Scraped caption text data:
######

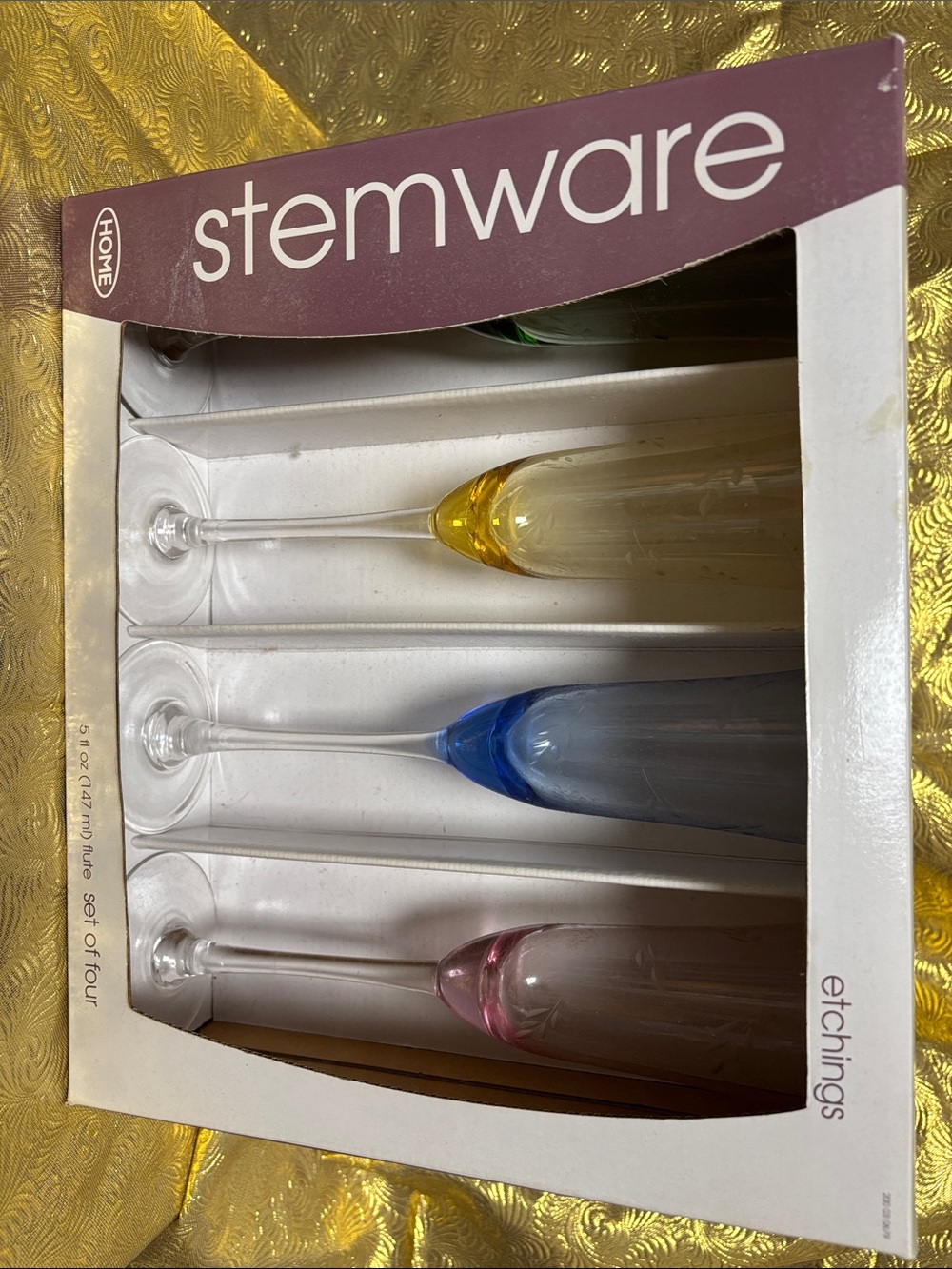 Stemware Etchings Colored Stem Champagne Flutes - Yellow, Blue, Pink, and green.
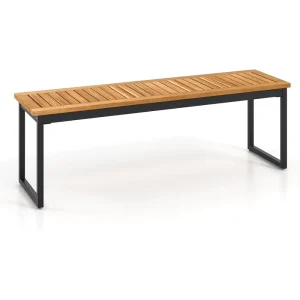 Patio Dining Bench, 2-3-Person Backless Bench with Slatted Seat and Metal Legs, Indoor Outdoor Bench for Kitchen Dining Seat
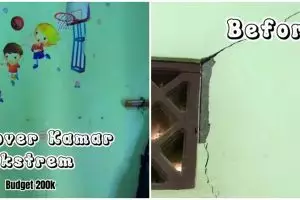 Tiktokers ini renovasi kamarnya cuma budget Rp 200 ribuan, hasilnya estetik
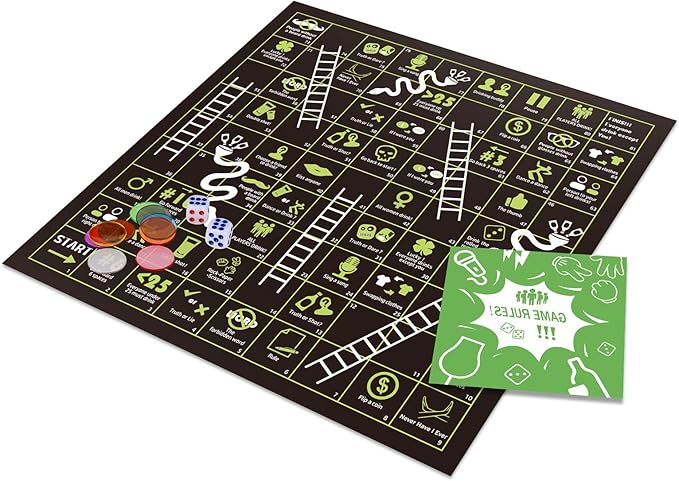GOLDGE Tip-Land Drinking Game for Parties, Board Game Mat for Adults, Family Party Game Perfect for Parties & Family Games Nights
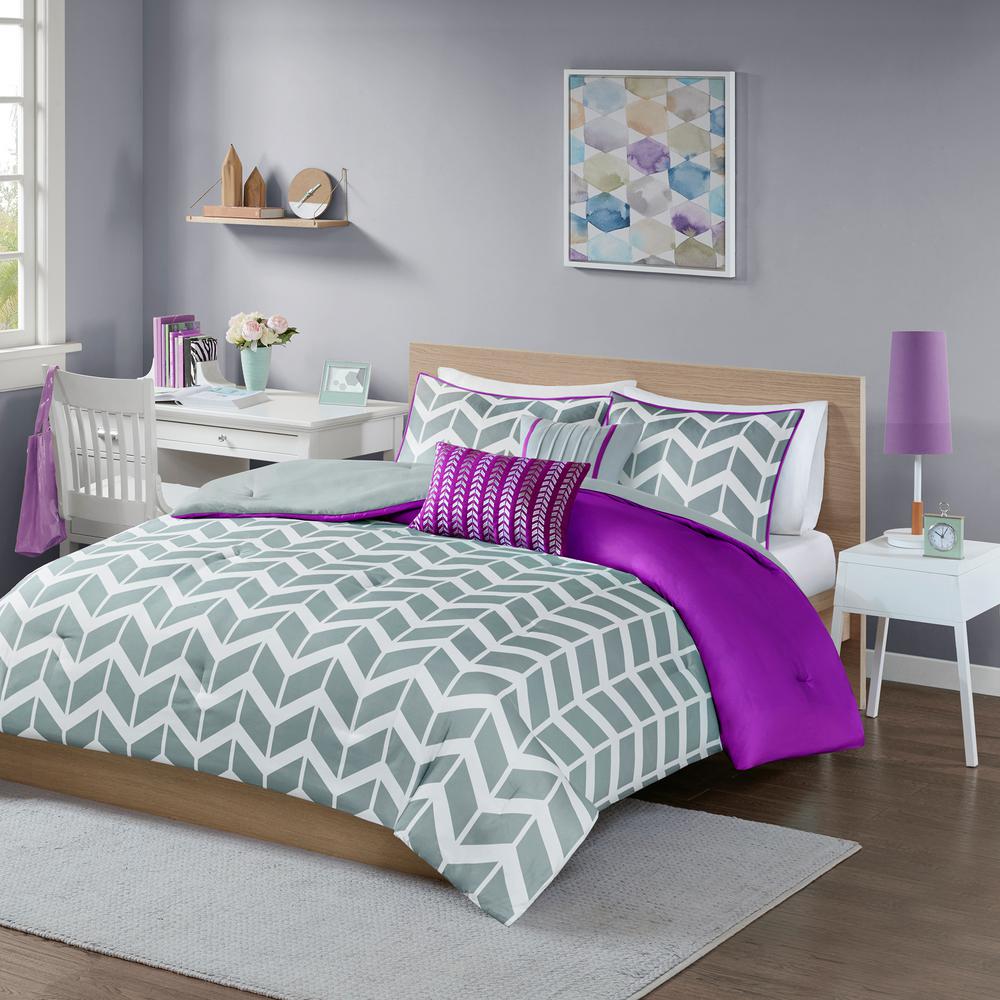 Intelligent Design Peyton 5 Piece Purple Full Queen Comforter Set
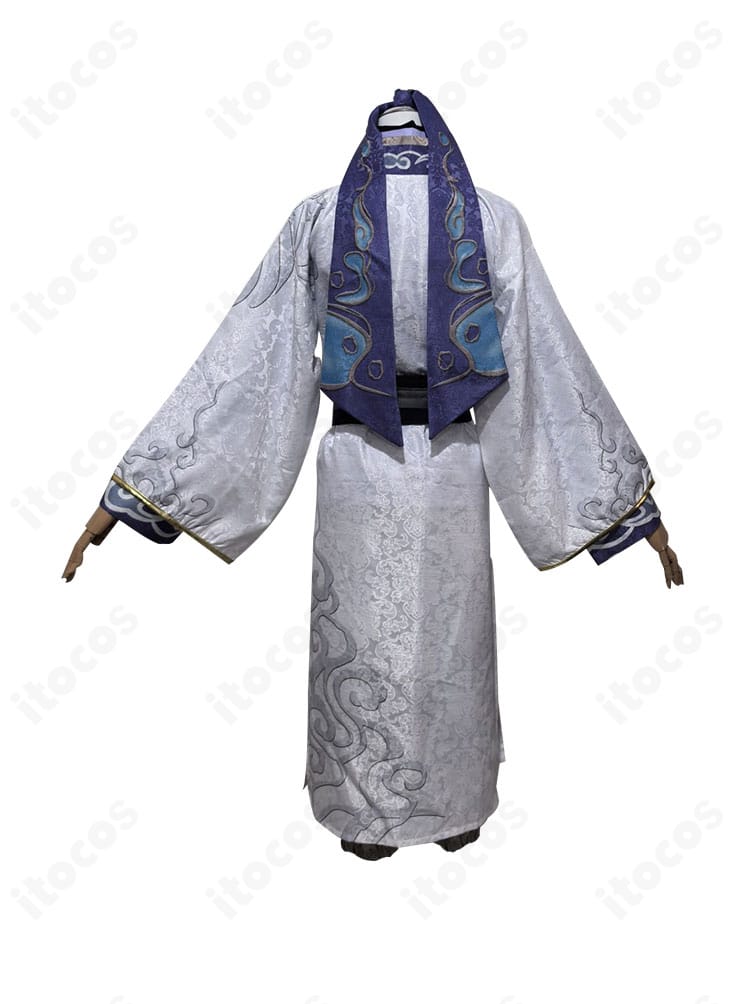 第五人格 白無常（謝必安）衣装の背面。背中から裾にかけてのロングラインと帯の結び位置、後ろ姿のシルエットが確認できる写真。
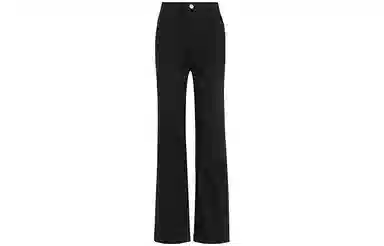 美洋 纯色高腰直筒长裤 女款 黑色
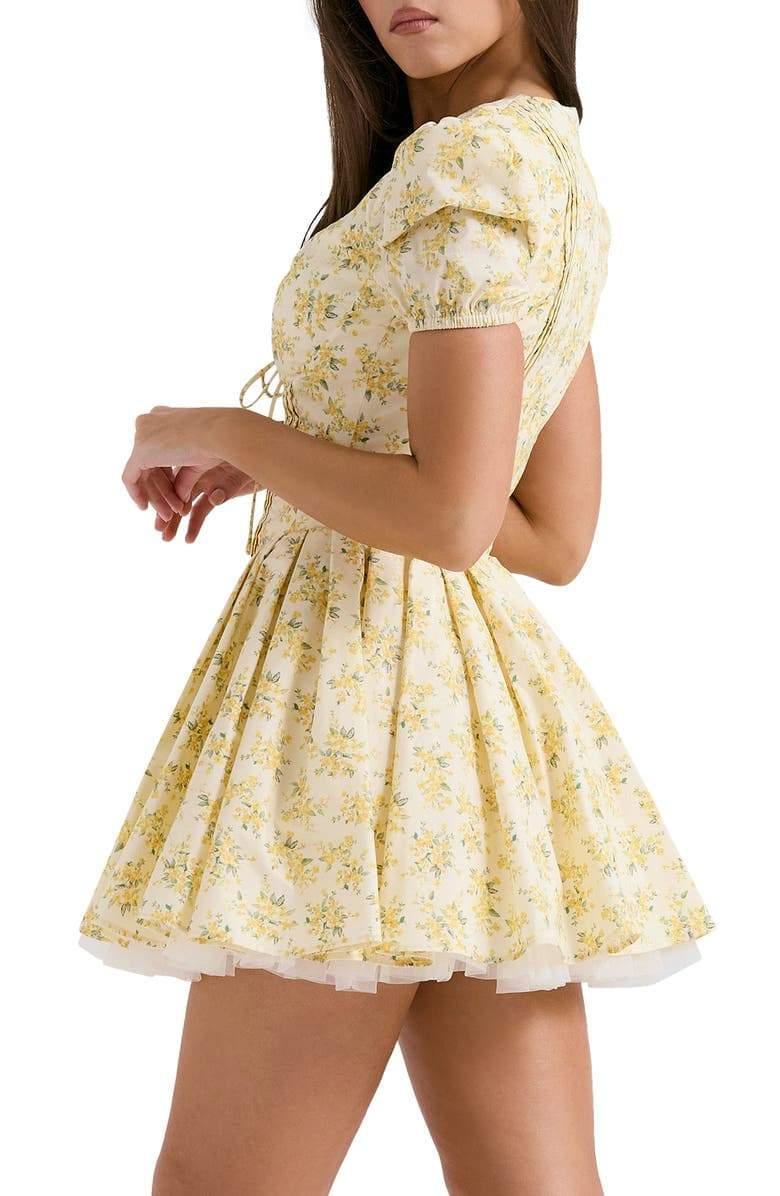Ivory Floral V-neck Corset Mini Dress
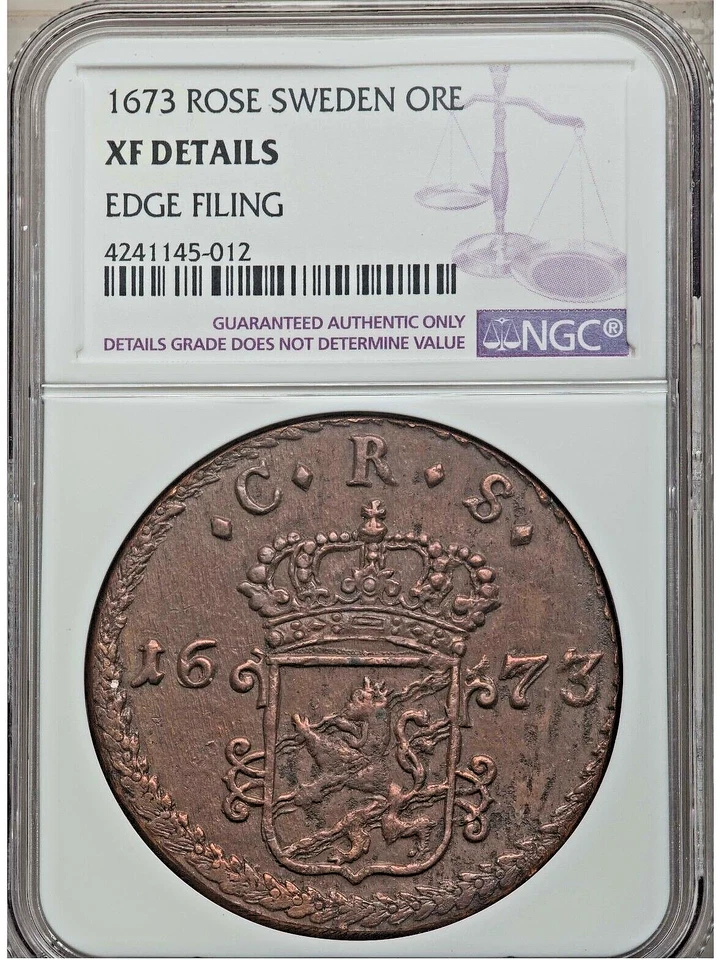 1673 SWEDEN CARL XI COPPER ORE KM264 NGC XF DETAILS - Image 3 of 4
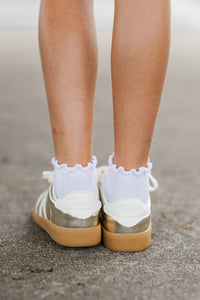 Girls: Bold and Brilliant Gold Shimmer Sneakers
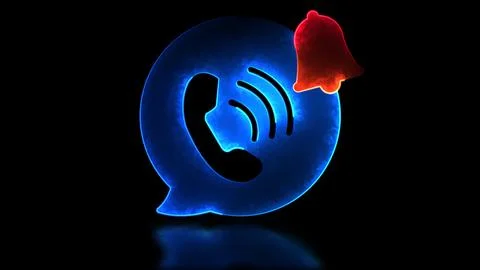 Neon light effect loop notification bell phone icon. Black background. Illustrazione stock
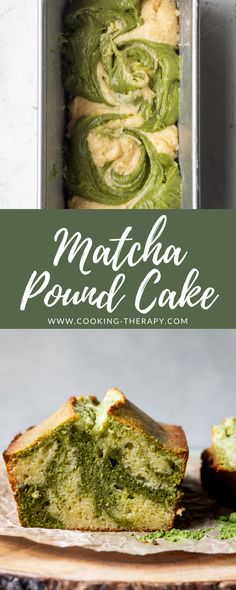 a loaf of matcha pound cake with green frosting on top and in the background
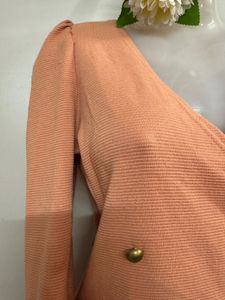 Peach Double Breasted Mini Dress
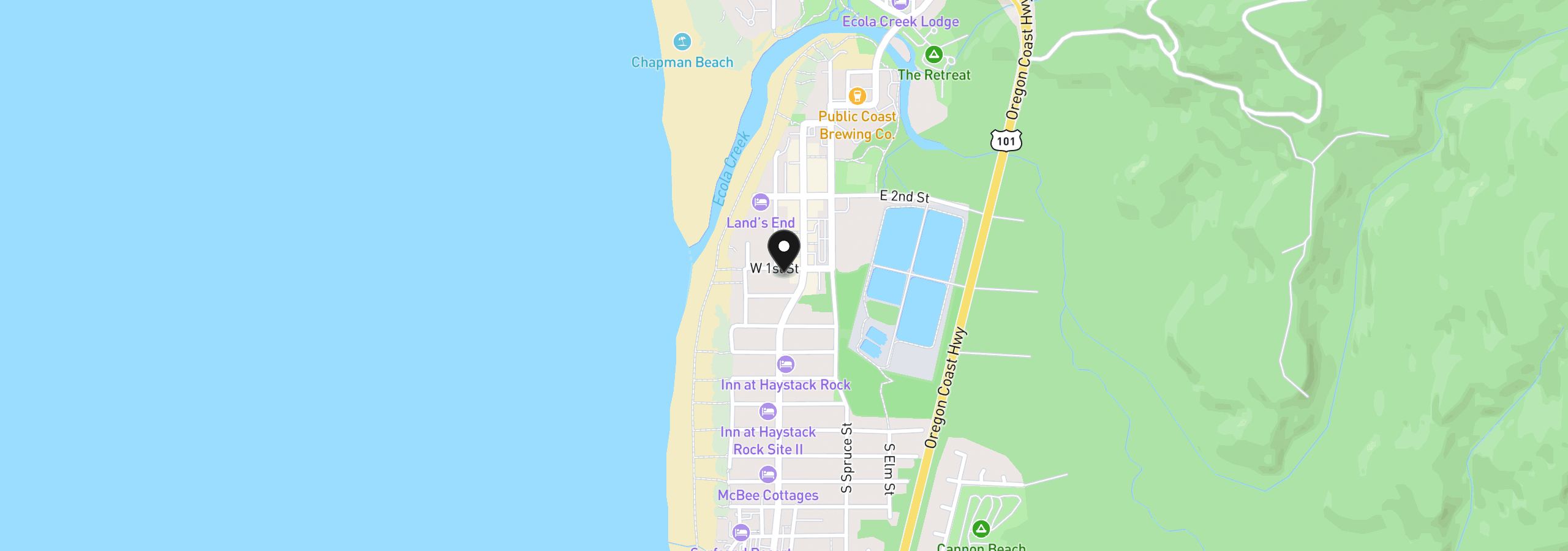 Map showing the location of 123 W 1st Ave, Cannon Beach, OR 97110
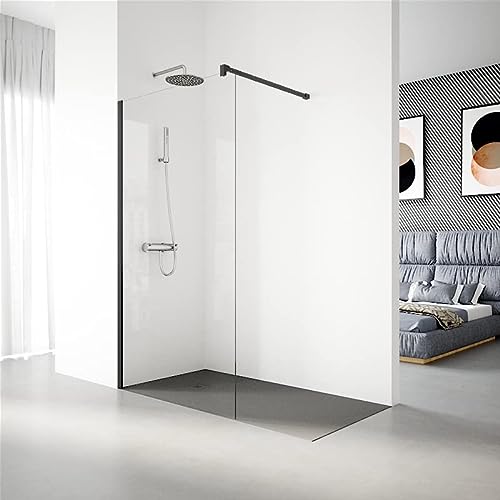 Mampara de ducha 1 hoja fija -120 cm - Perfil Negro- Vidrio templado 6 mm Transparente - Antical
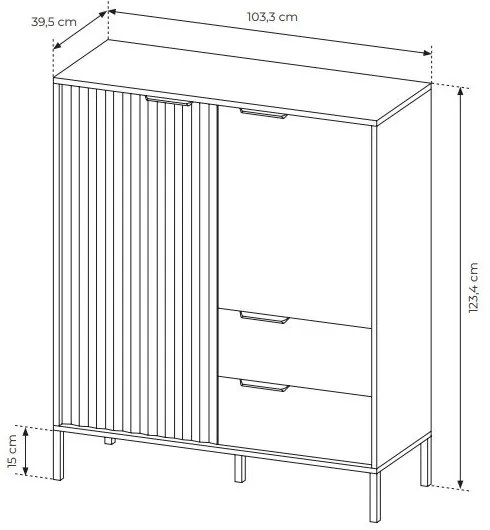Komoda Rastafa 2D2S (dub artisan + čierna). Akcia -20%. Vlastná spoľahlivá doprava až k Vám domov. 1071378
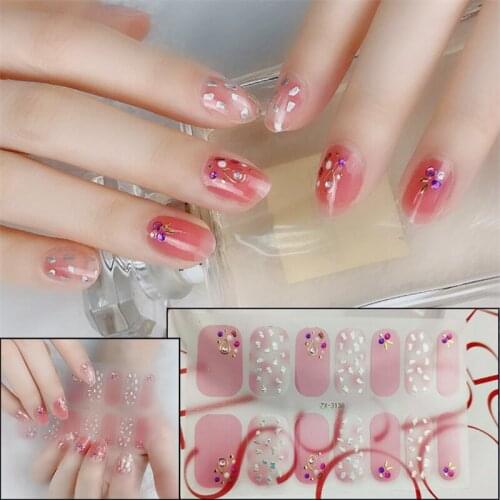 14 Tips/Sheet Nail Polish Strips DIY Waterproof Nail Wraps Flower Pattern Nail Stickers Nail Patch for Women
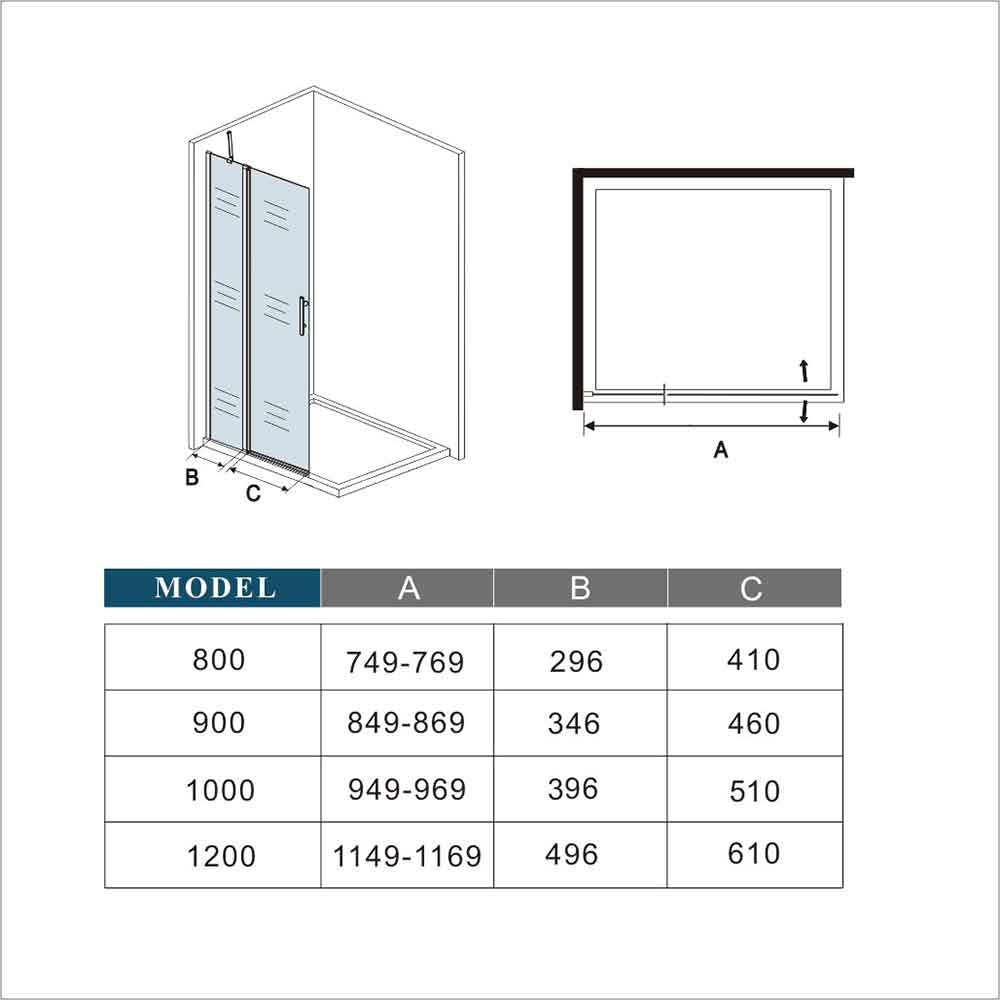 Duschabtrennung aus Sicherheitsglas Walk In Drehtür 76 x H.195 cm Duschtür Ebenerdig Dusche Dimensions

######

**TASK DETAILS:**
Return only the lines from the one that contains "Ivory Floral V-neck Corset Mini Dress" through the closing line of the data, inclusive, reproduced exactly and with every picture left out.

**SOLUTION:**
Ivory Floral V-neck Corset Mini Dress
 1673 SWEDEN CARL XI COPPER ORE KM264 NGC XF DETAILS - Image 3 of 4
 Girls: Bold and Brilliant Gold Shimmer Sneakers
 Neon light effect loop notification bell phone icon. Black background. Illustrazione stock
 a loaf of matcha pound cake with green frosting on top and in the background
 Peach Double Breasted Mini Dress
 Map showing the location of 123 W 1st Ave, Cannon Beach, OR 97110
 Mampara de ducha 1 hoja fija -120 cm - Perfil Negro- Vidrio templado 6 mm Transparente - Antical
Komoda Rastafa 2D2S (dub artisan + čierna). Akcia -20%. Vlastná spoľahlivá doprava až k Vám domov. 1071378
 14 Tips/Sheet Nail Polish Strips DIY Waterproof Nail Wraps Flower Pattern Nail Stickers Nail Patch for Women
 Duschabtrennung aus Sicherheitsglas Walk In Drehtür 76 x H.195 cm Duschtür Ebenerdig Dusche Dimensions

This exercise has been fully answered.